2. Back off the timing (either initial, or rework the curve)
 
Plugs are like this?

PreingitionorheavyDetantion.jpg



It's fixable by

1) a more conservative vacum advance,

2) by fitting stiffer mechanical advance springs reduce the onset of total advnace


3) a combination of both above

4) or by reducing initail advance (not a good method at all).

Bump up the inital timing as high as you can, then reduce the total advance and the problem usaully goes away.

Lean misfires won't cause problems, as the car will decimate spark plug cores before it causes a hole in a piston. If its ultra lean, the spark plug will open plug gap over a very short time, and will then take the tips of the plugs


Detonation is the result of 22 characteristics of an engine/drive train /car combination, and the easiest thing to change is the ignition.

Going to a stiffer set of mechanical advance springs will reduce the growth in spark advance and a more conservative vacum advance will also reduce total advance, and make the car less likely to detonate.
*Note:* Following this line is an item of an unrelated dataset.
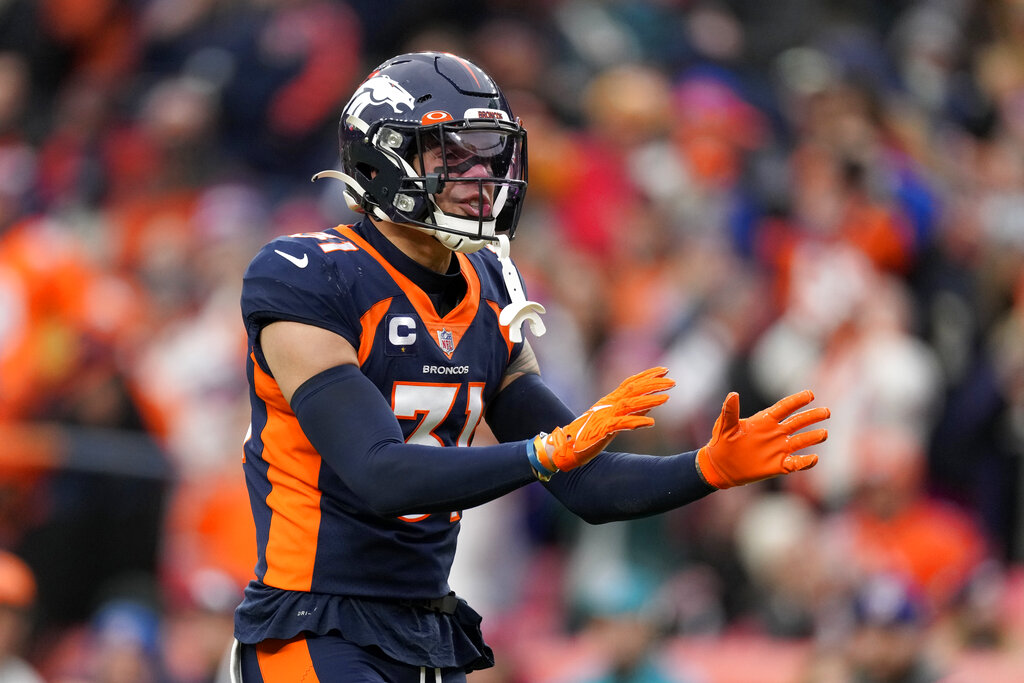 Chiefs Broncos Football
In most cases, figure on less than 36 degrees total advance (mechanical, plus vac adanvance) in a car with tall gearing, any kind of heated metal intake manifold, and try to bump up the initial advance to 12 degrees on the crank.
 
Nope, nobody's plugs have been beaten up that badly...yet.

What's prompting the question is an ongoing discussion (argument) here about dealing with engines that run fine in the fall/winter/spring, but once the temps get into the summer 95-plus'es, detonation becomes a problem. One camp says jet richer, the other says back off the timing.

I'm thinking it's more of a need to rework timing curves and find adjustable vacuum advances that you can tweak for summer/winter, and your comments support that argument.
 
Back off the timing.
Running rich causes carbon build up. Carbon build up causes hot spots. Hot spots cause detonation.
The other option is water injection.
Rick
 
European Webers ran the variable intake air horn, with a summer /winter postiion. I'd suggest you look into that if running a non orginal air cleaner isn not important. A hose through the fire wall is fine in summer, and in winter, it can take air from the exhast manifold. You could do that manually like Ford of Europe did with all the 1600 and 2000 Capris, Escorts, 1600 Fiestas, 2 liter Granadas and Transits with the Weber carb.


Austrailan 3.3 and 4.1 Falcons with Webers from 1985 to 1993 ran what was basically a heat stove source from the exhast when cold, then fully opened to the outside air. That was a perfect set-up which never needed intervention .

The method of control was TVS switch, and a port vacum sustain switch (PVS)to advance the distributor when cold, but back off when hot.

Those are time honoured structures which work on mixture strenght and peak advance.

I'm certain Mark P discussed the factory yellow connection module used on some of the later DS11 ignitions in one of his posts.


If you run the port divider, you will hurt the cold start warm up phase in areas where its below 32 degees F, and the warm up will increase from the 4 or 5 minutes to 8 or 10 minutes. In summer, it will be fine.

The key is to focus on the spark sustain to raise advance when cold, and to whack it back when warm. There are about 12 emission devices used by Detriot engineers back in the 80's, to do this, and you can see them in my posts on the Weber Carb.


Note the common PVS juction block found on my 1980 Aussie Cortina is the same as that found on 1980 to 1984 emissions 200 Fox and X-shell Fords.


(bottom of pictures)

http://img.photobucket.com/albums/v223/ ... G_0023.jpg

http://img.photobucket.com/albums/v223/ ... ssions.jpg

It was always keyed into that dreadfull auxhilary air port on the side, made of square alloy. Heres another one of a 2.6 Cologne V6 with 5200 carb. Same set-up was used.

http://img.photobucket.com/albums/v223/ ... or5200.jpg

Not a great system, but you only need to retard the advance a little when its warm, so examine the set-up, and experiment with it on your pick-up.



The key is it rasies vacum to the advance unit to make the car run better cold, and then it backs off when warm. Its a brilliant set-up.
 
Well....it comes down to do you wanna lose gas mileage or power?

Why not just run 89 or 93 octane fuel? I advanced it on my old LTD II and I have to run 89 (sometimes 93) but it runs just fine.